Scene Change

The 2019 Scene Change Task (Brave New Task)

Task description
The MediaEval 2019 Scene Change Task is interested in exploring fun faux photo’s, images that fool you at first, but can be identified as an imitation on closer inspection. Task participants are provided with images of people (as a “foreground segment”) and are asked to change the background scene to Paris. We call this switch “scene change”.

Based on the dataset provided, participants are asked to develop a system that addresses the main task of creating a composite image:

Image compositing: given a foreground segment and a background image, the participant should blend the segment with the background in a manner that is appealing to the user. This is done for several popular landmarks in Paris. Only the foreground segment may be manipulated, so that the background image is recognizable as the specific landmark.

Participants are encouraged to improve the systems that address the main task, by developing additional sub-systems:

Background image retrieval: given a foreground segment the participant should retrieve a suitable background image from the collection of background images taken near the same landmark, which is a good fit. Then, the foreground segment should blend with the background image as in the main task with respect to, for example, lighting conditions and perspective.
Foreground segmentation: the foreground segment and the original foreground image is provided. Segmentation has seen some remarkable advances recently, but remains a difficult task, for example with respect to hair. Participants are invited to refine the provided segmentations and gain insights from there.

Note that for this task photorealism is not a goal in and of itself. Similarly to [1], we do strive for realism in the sense of acceptability, which includes enjoyability and shareability, rather than of physical accuracy. Physical accuracy is not required for acceptability, for example it is known that in artistic work impossible lighting conditions and colors do not interfere with the viewer’s understanding of the scene and often go unnoticed [2]. We adopt the assumption that optimizing for this realism captures distracting properties of the composed image, resulting in more appealing final images.

scenechangeexample

Can you tell at first glance who was in Paris? Can you tell at second glance?

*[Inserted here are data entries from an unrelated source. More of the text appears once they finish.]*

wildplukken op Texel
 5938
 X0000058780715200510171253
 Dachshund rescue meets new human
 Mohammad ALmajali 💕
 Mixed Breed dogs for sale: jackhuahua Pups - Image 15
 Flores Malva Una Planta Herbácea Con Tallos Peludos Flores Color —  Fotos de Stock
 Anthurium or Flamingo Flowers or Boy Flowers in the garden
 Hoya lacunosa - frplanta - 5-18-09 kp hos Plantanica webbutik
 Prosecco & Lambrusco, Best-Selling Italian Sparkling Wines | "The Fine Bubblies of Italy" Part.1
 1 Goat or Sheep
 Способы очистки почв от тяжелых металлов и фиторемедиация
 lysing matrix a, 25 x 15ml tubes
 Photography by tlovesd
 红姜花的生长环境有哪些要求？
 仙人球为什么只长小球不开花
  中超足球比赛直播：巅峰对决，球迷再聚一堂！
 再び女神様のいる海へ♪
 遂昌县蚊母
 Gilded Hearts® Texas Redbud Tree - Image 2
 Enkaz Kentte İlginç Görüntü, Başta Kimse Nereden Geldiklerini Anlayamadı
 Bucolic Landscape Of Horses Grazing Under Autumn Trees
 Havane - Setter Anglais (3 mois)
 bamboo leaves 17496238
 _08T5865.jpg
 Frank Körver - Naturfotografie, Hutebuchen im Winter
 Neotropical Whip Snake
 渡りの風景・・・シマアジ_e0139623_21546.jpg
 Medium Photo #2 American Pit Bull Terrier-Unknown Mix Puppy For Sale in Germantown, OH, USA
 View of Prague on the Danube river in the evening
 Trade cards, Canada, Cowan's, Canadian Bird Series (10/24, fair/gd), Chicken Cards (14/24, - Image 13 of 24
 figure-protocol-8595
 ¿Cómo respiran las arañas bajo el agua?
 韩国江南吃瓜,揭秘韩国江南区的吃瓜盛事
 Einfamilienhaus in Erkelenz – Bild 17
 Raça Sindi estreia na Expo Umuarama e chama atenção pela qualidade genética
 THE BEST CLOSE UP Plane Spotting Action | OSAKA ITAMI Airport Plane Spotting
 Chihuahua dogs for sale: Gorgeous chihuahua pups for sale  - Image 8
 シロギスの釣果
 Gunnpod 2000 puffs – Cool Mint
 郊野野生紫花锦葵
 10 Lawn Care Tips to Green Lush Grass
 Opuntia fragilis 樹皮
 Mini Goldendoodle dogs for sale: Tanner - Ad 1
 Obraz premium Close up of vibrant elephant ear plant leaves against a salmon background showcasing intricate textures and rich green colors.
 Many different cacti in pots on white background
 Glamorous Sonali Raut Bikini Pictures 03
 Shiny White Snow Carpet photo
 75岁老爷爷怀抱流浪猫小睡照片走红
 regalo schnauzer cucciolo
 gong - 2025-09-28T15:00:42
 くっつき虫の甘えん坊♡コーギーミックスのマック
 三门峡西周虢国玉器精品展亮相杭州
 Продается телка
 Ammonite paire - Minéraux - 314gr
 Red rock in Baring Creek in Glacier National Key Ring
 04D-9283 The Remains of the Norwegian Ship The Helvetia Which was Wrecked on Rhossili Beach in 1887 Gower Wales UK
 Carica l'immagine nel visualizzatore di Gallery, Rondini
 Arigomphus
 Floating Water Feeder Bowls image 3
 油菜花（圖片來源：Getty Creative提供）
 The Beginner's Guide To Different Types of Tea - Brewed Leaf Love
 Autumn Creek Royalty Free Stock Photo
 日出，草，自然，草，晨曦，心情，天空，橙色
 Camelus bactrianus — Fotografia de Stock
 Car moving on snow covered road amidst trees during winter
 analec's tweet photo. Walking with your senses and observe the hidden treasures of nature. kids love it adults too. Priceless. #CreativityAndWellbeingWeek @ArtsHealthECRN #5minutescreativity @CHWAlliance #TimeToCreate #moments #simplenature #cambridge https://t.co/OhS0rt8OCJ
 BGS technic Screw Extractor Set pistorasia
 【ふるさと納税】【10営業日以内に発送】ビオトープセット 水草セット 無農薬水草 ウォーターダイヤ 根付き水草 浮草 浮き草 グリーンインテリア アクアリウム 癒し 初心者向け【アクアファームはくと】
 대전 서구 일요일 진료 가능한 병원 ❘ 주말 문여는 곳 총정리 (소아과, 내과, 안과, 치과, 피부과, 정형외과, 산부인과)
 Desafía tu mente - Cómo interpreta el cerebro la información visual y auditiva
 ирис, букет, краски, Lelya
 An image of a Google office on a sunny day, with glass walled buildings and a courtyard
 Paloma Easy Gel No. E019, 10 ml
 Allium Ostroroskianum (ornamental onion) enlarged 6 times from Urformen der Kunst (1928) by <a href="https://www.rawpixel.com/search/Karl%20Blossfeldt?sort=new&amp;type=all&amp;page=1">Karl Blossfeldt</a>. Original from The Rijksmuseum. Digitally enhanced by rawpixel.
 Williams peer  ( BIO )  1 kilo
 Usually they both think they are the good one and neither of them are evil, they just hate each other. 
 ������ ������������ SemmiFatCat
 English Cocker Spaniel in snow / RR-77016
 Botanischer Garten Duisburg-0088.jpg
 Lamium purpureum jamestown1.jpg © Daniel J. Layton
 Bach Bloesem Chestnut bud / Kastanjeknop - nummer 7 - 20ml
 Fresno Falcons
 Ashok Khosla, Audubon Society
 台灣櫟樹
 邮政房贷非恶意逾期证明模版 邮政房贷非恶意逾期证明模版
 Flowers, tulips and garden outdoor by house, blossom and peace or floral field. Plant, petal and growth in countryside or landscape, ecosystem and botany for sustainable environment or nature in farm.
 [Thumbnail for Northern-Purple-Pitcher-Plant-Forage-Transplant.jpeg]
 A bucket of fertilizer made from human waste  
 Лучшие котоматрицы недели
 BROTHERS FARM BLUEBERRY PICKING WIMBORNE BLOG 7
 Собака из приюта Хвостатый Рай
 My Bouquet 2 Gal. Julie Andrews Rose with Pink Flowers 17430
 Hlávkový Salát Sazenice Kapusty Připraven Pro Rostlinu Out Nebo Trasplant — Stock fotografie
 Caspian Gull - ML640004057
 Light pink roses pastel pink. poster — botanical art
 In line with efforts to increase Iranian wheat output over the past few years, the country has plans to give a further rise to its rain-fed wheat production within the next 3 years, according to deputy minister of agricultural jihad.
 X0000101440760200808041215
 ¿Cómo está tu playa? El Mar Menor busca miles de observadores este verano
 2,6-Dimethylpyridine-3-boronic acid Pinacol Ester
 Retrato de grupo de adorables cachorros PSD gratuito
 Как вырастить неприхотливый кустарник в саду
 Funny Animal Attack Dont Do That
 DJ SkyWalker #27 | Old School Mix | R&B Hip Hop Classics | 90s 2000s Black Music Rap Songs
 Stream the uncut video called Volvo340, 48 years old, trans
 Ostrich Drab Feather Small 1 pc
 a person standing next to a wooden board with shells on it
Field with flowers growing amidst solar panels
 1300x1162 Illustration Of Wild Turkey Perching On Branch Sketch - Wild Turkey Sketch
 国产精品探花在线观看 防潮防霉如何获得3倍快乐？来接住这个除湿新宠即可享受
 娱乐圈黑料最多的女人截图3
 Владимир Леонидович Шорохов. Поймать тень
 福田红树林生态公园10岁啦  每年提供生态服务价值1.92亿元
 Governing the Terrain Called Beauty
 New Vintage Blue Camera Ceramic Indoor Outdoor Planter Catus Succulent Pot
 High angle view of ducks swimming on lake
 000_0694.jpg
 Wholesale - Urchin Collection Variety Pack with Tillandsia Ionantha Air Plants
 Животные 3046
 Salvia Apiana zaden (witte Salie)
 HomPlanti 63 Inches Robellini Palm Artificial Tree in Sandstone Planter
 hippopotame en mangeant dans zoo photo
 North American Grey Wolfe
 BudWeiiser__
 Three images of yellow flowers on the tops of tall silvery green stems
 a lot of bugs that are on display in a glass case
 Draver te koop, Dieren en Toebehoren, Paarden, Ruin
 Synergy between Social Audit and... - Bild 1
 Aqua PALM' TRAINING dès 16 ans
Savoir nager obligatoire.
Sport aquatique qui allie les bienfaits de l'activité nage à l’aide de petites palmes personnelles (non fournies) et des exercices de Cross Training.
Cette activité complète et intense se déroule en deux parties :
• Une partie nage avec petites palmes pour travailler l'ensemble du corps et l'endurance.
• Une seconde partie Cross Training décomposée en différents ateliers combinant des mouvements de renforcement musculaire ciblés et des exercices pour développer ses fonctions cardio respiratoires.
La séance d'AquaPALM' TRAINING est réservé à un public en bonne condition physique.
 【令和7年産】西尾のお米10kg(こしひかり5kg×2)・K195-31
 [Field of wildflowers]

Task background and motivation
The task has multiple motivations:

More and more examples where large group of tourists, often taking selfies, cause harm to the environment arise [6,7]. Scene change could be a partial solution to this problem, relieving pressure on these popular areas.
As computer scientists we make methods to make people fool around with photos in a way that is not fully deceptive. Developing technologies for “shallow fakes” provides an alternative to recent work, aimed at deep deception [9], in which the intent of the creator is that the fabricated image is not recognized as such. By benchmarking, we can evaluate methods and metrics for performing and quantifying deceptiveness in multimedia. If we can find practical methods for doing so, people can enjoy new creations without being deceived into accepting fiction as fact.
Access to scene change functionality is currently restricted to a small group including painters, photographers, Adobe® Photoshop® users and computer graphics experts. There is a large gap to bridge in commoditizing scene change. Giving users more control over their own photos will allow them to exercise creativity, have fun and promote their privacy more at the same time. The relatively recent surge of creative tools (e.g. Animoji, Snapchat Lenses) suggests that people enjoy creative control over their images and videos. However, closer consideration of the functionality of these tools reveals limitations: the creative possibilities are potentially so much wider than what is currently available to users.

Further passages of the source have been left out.